Four glass and glazing companies are being sued by the owners of the Comcast Center in Philadelphia for designing, fabricating and installing what owner Liberty/Comcast 1701 JFK Boulevard L.P. calls a “defective exterior glass curtainwall system” allegedly using the “inherently defective sealant” polyisobutylene (PIB). The complaint, filed in the Philadelphia County Court of Common Pleas on January 23, 2020, states that defects in the system will cause the owner to incur more than $1 million in damages. Comcast Center’s construction was completed in 2008.

Enclos Corp, Viracon, J.E. Berkowitz, Quanex Building Products and general contractor L.F. Driscoll Co. are listed as defendants in the suit.
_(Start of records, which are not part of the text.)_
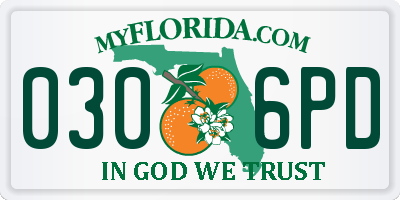 FL license plate 0306PD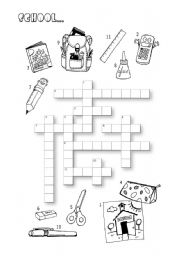 English Worksheet: School Crossword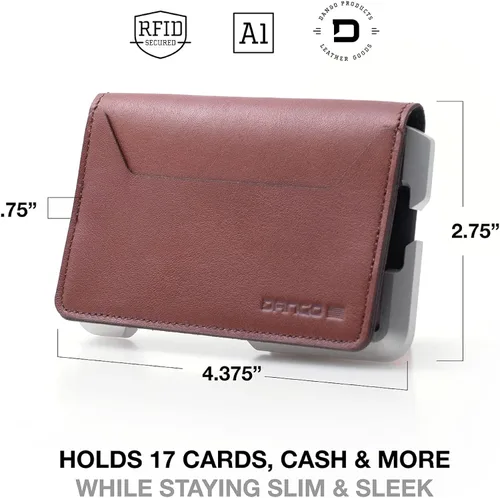 Miniatura 4 de Dango D01 Dapper EDC Wallet - Hecho en Estados Unidos - Cuero genuino aluminio CNC y bloqueo RFID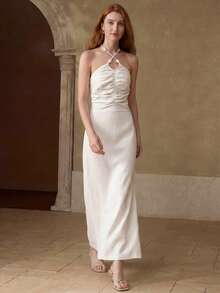 MOTF PREMIUM RUCHED THIGH SLIT HALTER DRESS - Apricot - View 6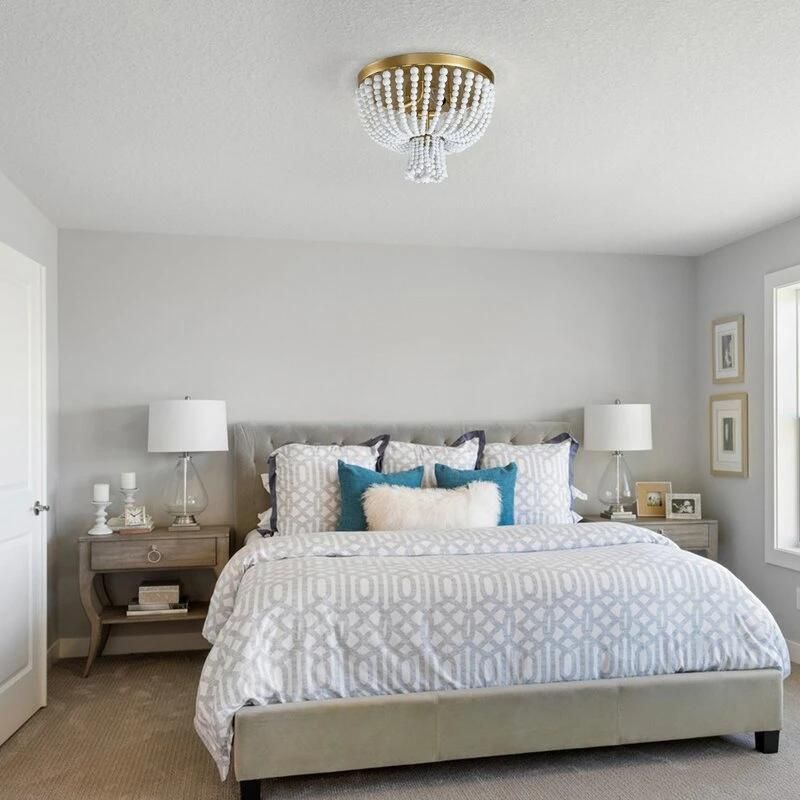 American Country Wooden Bead Ceiling Lamp Bedroom Children′s Room Creative Retro Iron Round Balcony Aisle Ceiling Lamp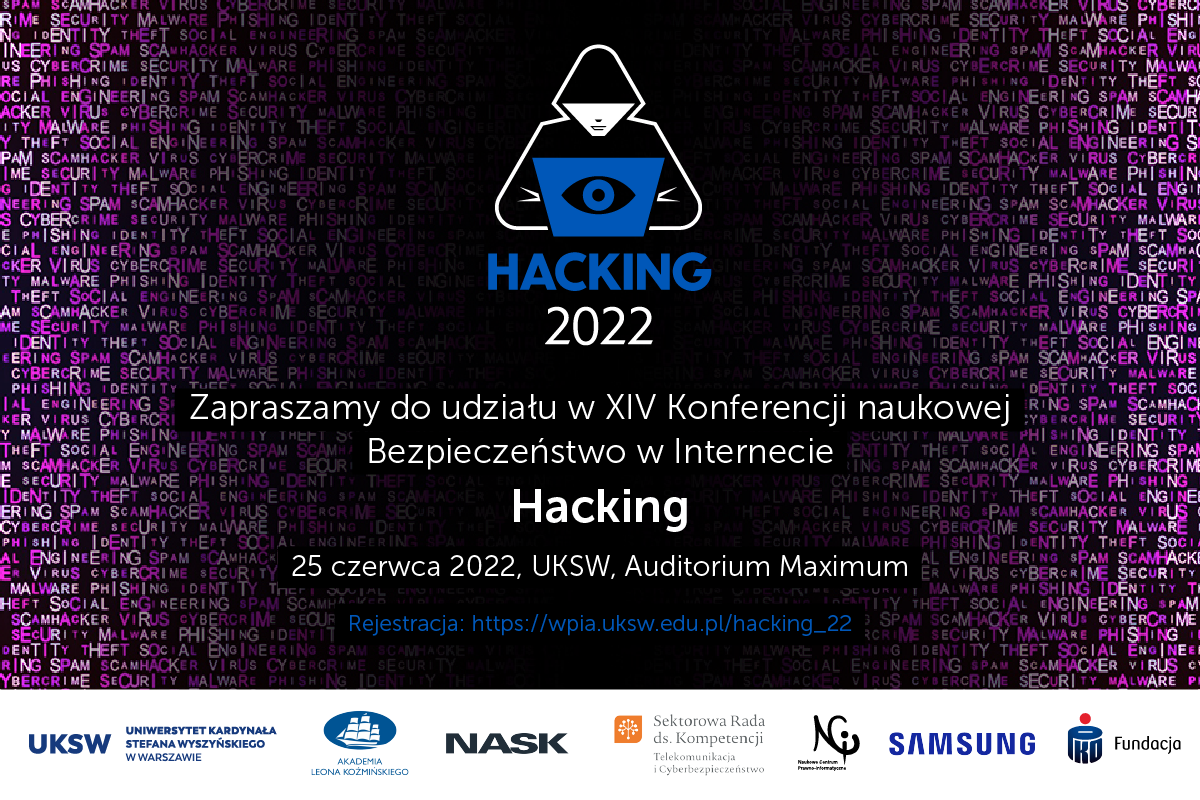 Baner XIV Konferencji Bezpieczeństwo w Internecie zawiera symboliczny wizerunek hakera podczas realizacji nielegalnych czynności.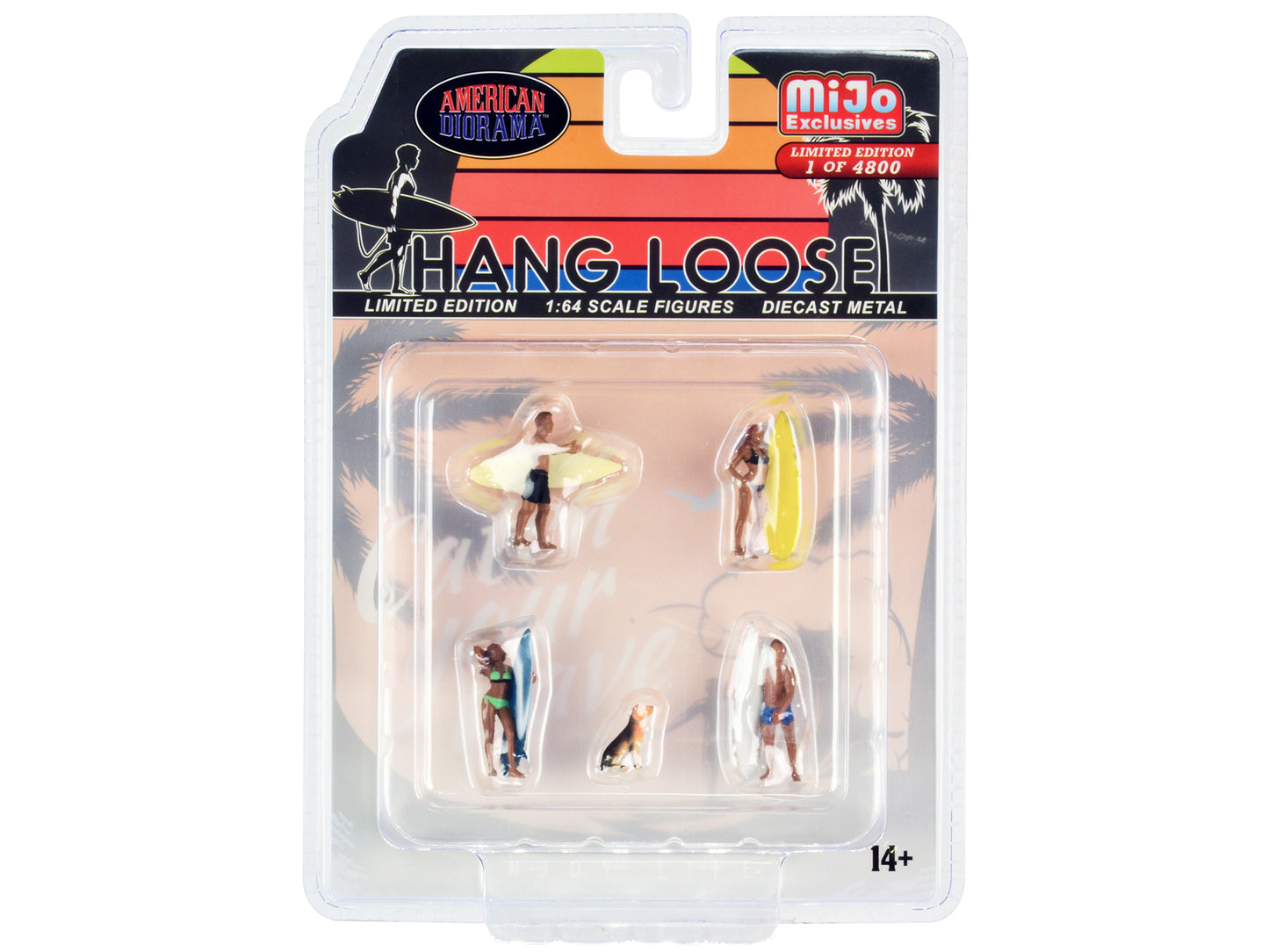 "Hang Loose" 5 piece Diecast Set (4 Surfer Figures and 1 Dog) Limited Edition to 4800 pieces Worldwide for 1/64 Scale Models by American Diorama-DiecastModeler.com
Enclos was responsible for the design, fabrication and installation of the curtainwall system. Viracon and J.E. Berkowitz fabricated the curtainwall’s insulating glass units (IGUs) using a gray PIB primary sealant from Quanex and Truseal Technologies, which Quanex acquired in 2003.

The owner states in the complaint that in January 2018, it became aware of PIB migration in another of its building’s in Philadelphia. Due to the similarity in design between the two buildings’ curtainwall systems, the owner undertook an investigation into approximately 9% of the Comcast Center’s more than 15,000 IGUs to determine if any PIB migration had occurred there. According to the suit, gray PIB sealant in 25% of the sampled IGUs showed evidence of degradation and migration, which the owner claims is representative of the entire façade.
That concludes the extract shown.